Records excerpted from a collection
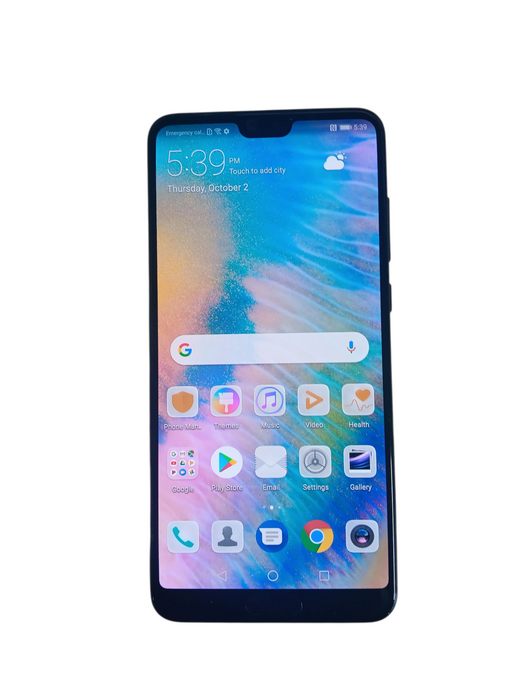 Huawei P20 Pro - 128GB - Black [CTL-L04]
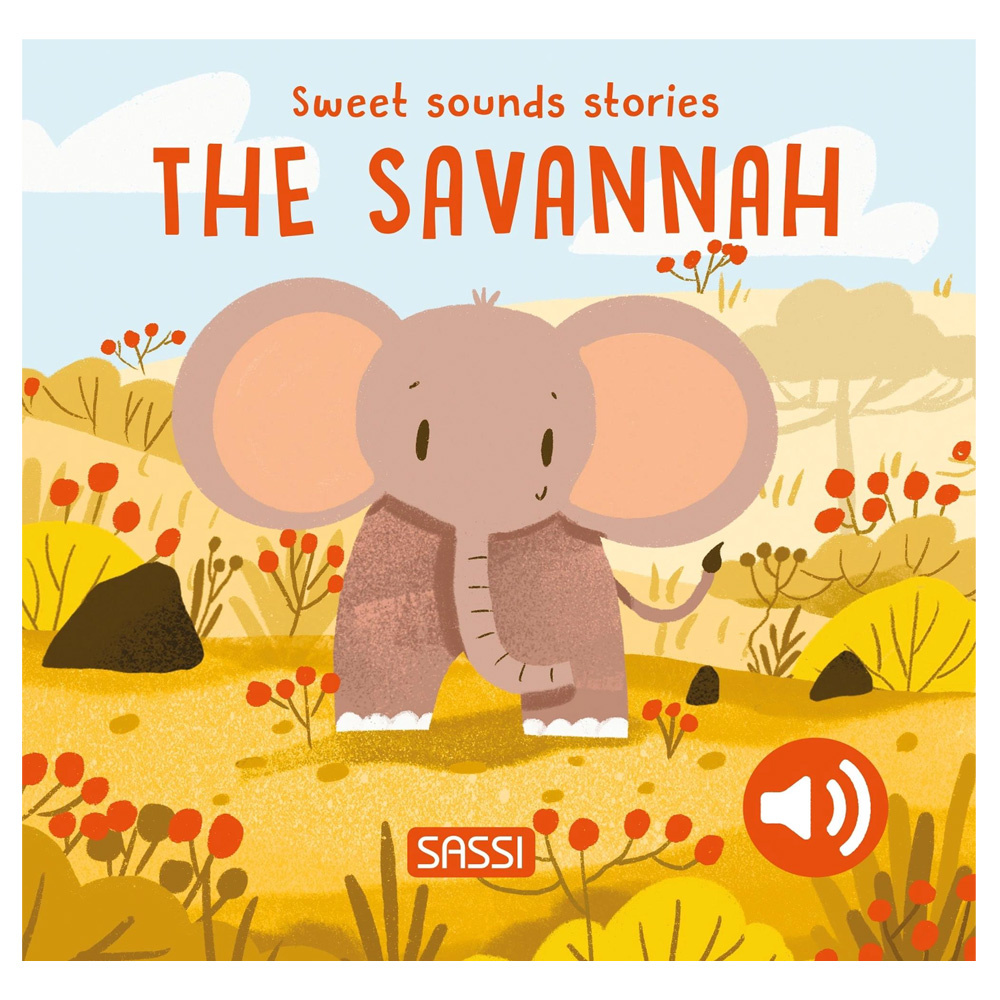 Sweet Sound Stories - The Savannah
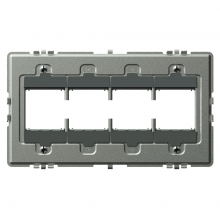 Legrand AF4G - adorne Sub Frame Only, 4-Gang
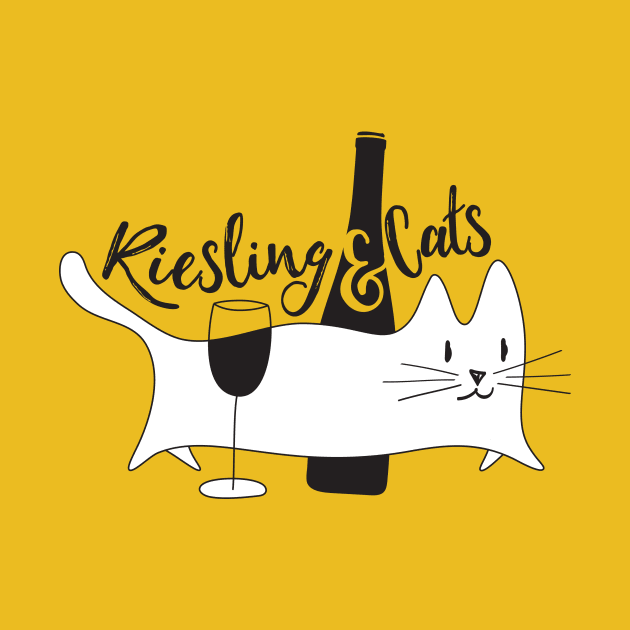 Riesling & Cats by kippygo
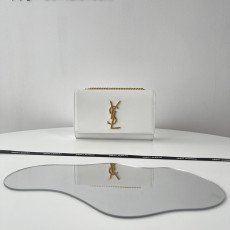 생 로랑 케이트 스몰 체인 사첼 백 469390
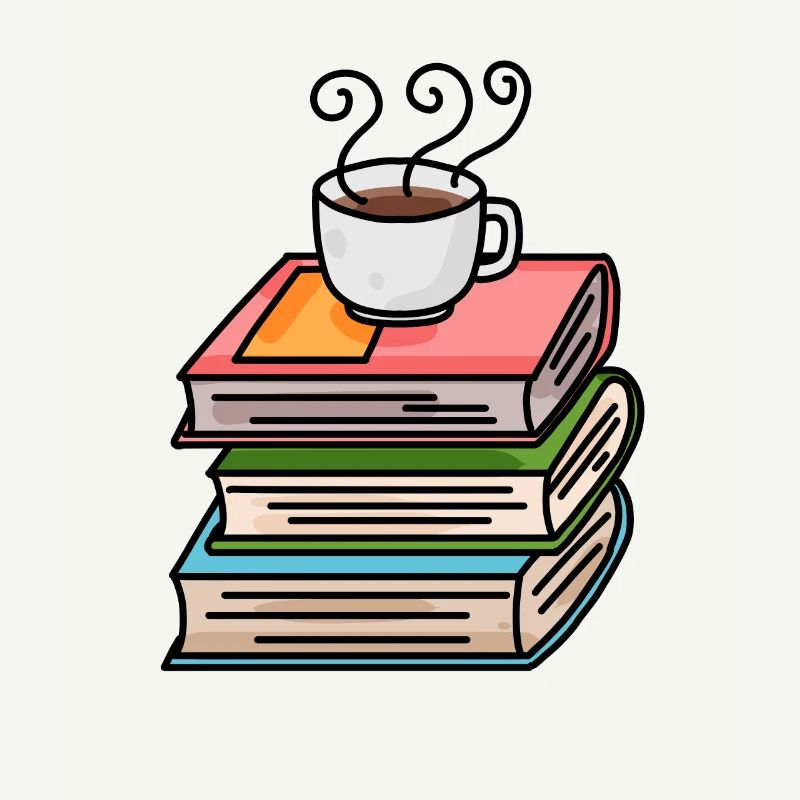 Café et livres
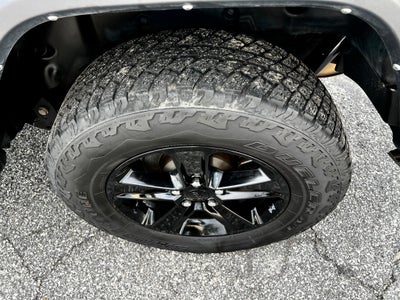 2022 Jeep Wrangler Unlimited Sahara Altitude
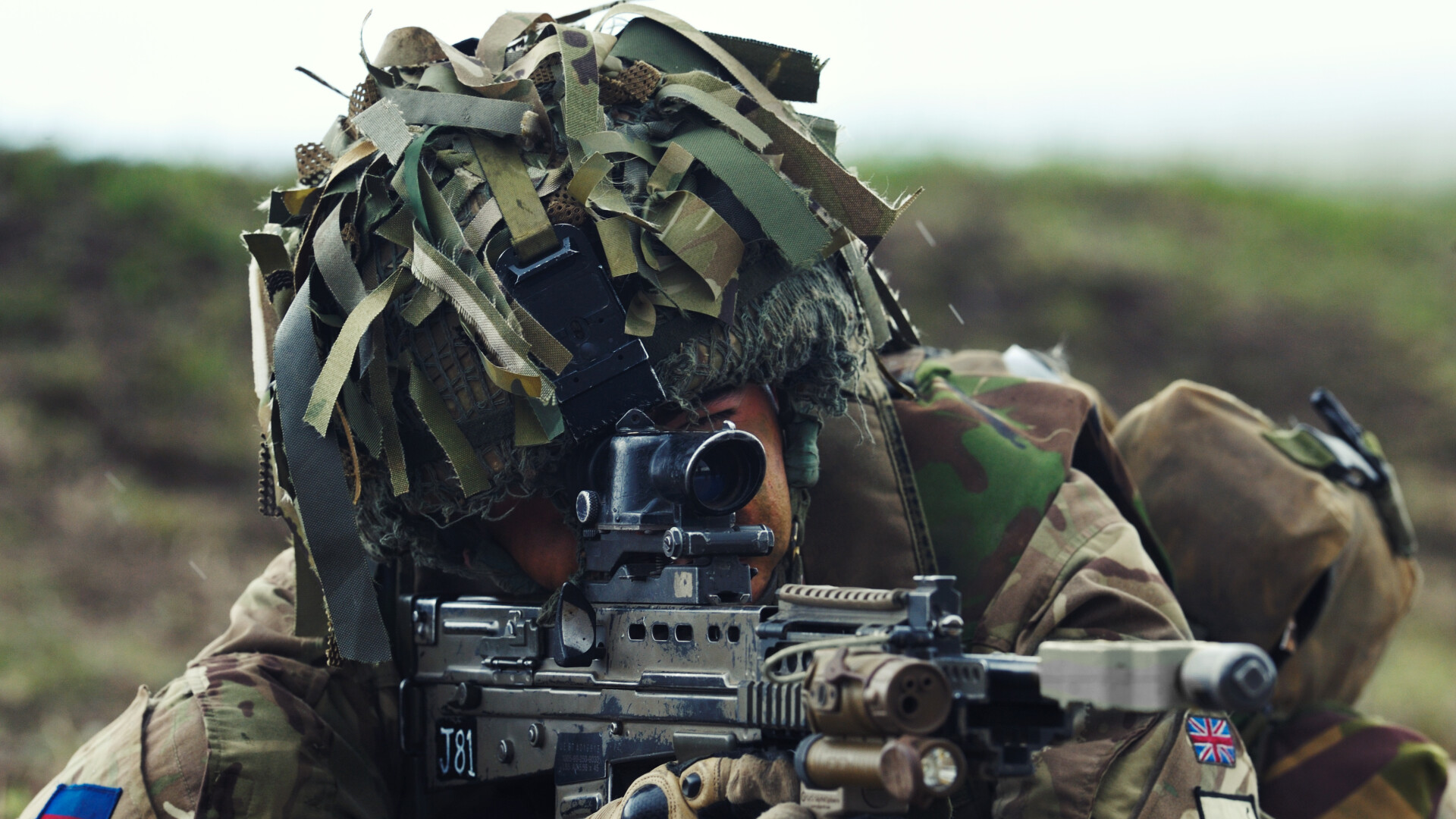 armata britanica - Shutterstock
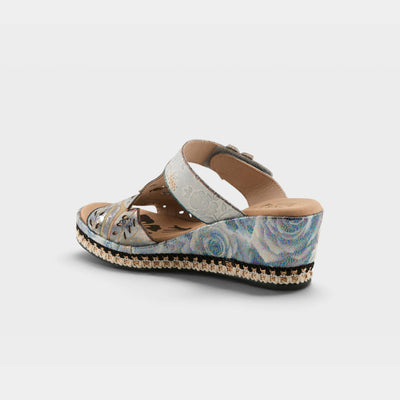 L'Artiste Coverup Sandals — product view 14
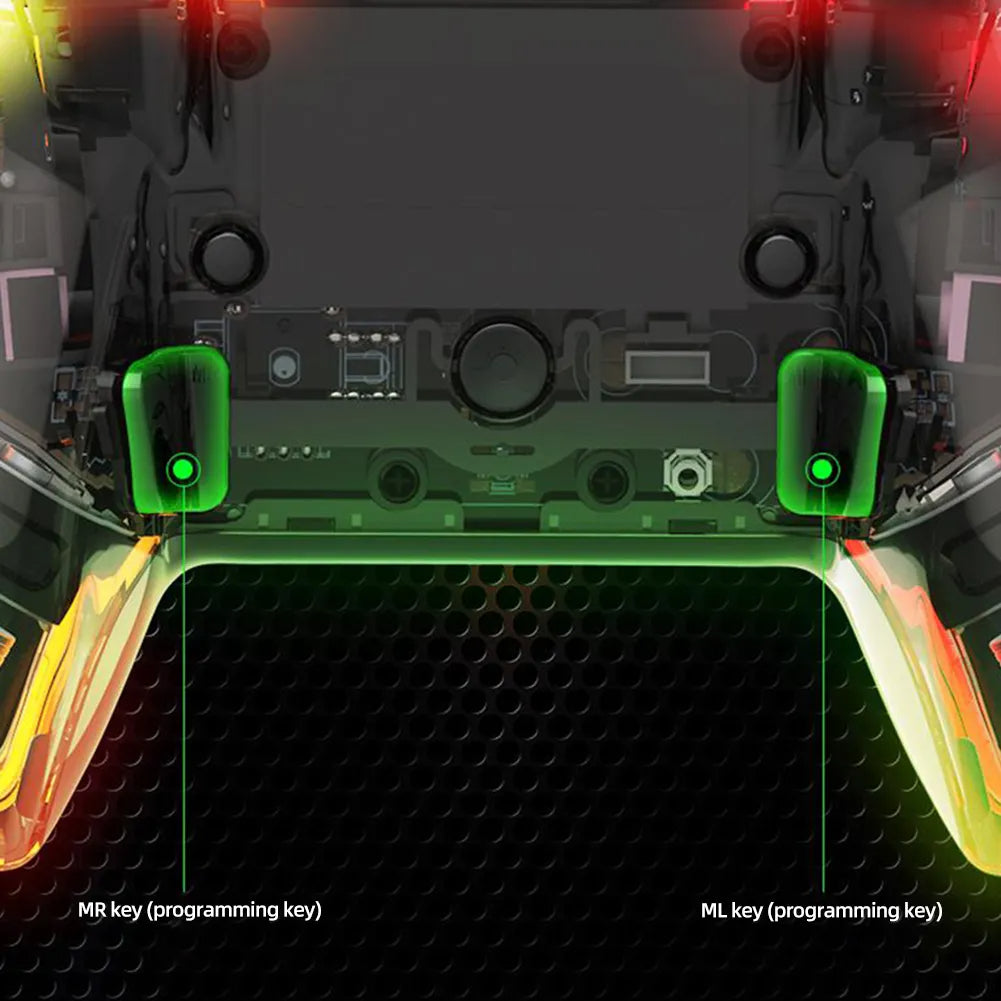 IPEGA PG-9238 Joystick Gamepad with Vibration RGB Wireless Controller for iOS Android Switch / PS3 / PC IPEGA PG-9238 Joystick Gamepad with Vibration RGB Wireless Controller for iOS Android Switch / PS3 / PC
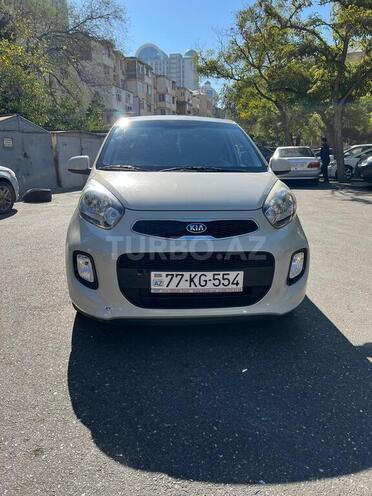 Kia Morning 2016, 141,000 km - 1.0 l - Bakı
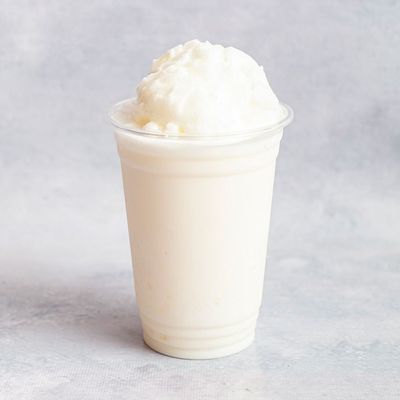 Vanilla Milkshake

◆ TASK TO CARRY OUT
Repeat exactly the lines from the one holding "PC IPEGA PG-9238" through the last line of the entries, both included; the pictures do not belong in the copy.

◆ ANSWER TO THIS PROBLEM
 IPEGA PG-9238 Joystick Gamepad with Vibration RGB Wireless Controller for iOS Android Switch / PS3 / PC IPEGA PG-9238 Joystick Gamepad with Vibration RGB Wireless Controller for iOS Android Switch / PS3 / PC
 Kia Morning 2016, 141,000 km - 1.0 l - Bakı
 Vanilla Milkshake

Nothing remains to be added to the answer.